Two In A Coffin, 2019

An Exhibition by Valentina Curandi and Isabelle Sully 

Works included: loop video projection of Measures for Marwan 73 min, cardboard coffin Imagining Two in A Coffin, flooding of the art space floor Viability test (240 litres of slip, damage prevention measures, signed liability agreement), Hiding in the Open reversed drywall from the room’s wall, Policy No. IV Regarding Property, sound piece and performance. Curated by Tirza Kater and and Tim Mathijsen, Marwan artist run space (Amsterdam, NL) 

The concept for this exhibition stems from the practitioners’ differing approaches to the effects of standardisation of both the gendered body of women and artistic production. 

While Sully’s practice rotates around an interest in the administration of life, Curandi’s work approaches the management of death. The interests merge into a shared vision on institutional performativity that required an ongoing dialogue with the space’s organizers and curators Kater and Mathijsen, often involved to partake in our demands and conditions for developing artistic work in the space. The collaboration results in a body of works reflecting on the terms and conditions for togetherness, and on the negotiations required for activating an artistic space as site and reason for the reciprocal commitment. 
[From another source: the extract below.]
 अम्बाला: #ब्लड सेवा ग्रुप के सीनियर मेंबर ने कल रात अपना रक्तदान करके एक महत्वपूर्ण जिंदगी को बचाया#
‘Two in a coffin’ is a fragment of writing from the book ‘Of Woman Born: Motherhood as Institution and Experience’ by poet and essayist Adrienne Rich, that alludes and depicts the systematic erasure of female bodies at the onset of medical gynecology, when hospitals used to bury women in pairs to alter the official rates of pregnancy and labour’s mortality. 

While the reference addresses bodies that have been disappeared twice – in death and in the loss of their identity – the fragment becomes an expression in the context of our two-persons exhibition. 

‘Two In A Coffin’ sets the intention for merging seemingly polar artistic interests and enacting feminist strategies of shared authorship while occupying together the confined space of Marwan. 

Site-specific installations, a sound piece, a video projection, other textual and performative works relate to the protection of property, and to the negotiation of visibility in coupled endeavours.